**How to complete this task:**
The following data has a line with "So here I am" and a line with "We put a three". Write out exactly those lines and all the lines between them.
Recorded data: Begin
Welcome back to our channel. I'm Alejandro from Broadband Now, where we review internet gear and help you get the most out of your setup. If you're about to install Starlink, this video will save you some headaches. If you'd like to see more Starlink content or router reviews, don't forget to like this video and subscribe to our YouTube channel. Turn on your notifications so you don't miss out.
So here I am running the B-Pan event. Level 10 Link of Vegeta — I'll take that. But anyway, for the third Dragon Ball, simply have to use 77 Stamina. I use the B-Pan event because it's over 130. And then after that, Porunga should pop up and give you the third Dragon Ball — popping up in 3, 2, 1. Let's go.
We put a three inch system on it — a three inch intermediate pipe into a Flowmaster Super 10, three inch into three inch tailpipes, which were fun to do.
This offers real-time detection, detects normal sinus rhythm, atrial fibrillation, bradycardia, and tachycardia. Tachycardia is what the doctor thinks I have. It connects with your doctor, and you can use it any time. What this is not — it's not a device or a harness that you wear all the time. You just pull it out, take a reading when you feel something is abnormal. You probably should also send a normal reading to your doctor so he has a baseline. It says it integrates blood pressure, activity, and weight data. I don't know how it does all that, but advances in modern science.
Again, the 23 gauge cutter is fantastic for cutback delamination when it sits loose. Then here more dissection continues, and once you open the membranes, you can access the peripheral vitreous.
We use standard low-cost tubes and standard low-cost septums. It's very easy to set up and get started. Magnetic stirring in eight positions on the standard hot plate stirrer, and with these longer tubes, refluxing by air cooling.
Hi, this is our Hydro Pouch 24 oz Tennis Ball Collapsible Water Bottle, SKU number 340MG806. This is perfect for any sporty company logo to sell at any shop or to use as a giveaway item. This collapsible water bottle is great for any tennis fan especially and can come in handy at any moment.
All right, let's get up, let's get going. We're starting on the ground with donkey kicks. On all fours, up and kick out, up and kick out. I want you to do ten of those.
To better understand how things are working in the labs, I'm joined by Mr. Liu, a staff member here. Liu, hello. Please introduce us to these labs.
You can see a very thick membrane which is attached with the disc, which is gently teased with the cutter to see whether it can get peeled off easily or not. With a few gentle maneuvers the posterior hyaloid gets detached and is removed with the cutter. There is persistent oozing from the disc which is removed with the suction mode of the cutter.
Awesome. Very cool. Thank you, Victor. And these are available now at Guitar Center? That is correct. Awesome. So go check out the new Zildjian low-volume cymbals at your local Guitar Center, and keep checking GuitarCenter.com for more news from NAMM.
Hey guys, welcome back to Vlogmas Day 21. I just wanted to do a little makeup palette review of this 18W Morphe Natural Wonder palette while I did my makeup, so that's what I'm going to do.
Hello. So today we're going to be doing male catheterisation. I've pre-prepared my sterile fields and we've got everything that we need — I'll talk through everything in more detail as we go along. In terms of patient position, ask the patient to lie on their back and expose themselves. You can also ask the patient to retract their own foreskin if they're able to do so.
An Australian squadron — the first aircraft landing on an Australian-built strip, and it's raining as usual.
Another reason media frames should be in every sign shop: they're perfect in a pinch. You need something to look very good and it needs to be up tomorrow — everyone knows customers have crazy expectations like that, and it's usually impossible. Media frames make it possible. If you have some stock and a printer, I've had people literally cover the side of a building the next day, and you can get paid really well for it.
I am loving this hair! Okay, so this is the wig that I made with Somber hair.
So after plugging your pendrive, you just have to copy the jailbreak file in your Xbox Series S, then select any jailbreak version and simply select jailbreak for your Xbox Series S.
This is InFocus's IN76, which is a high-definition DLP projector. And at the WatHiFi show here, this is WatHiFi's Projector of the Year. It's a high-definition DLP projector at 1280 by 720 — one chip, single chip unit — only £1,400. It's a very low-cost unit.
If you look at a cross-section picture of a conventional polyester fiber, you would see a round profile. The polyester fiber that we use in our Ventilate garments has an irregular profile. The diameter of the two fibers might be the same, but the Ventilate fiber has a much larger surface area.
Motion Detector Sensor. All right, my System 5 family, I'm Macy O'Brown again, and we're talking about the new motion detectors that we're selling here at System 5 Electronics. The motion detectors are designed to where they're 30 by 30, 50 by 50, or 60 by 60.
Recorded data: End
**Written answer:**
So here I am running the B-Pan event. Level 10 Link of Vegeta — I'll take that. But anyway, for the third Dragon Ball, simply have to use 77 Stamina. I use the B-Pan event because it's over 130. And then after that, Porunga should pop up and give you the third Dragon Ball — popping up in 3, 2, 1. Let's go.
We put a three inch system on it — a three inch intermediate pipe into a Flowmaster Super 10, three inch into three inch tailpipes, which were fun to do.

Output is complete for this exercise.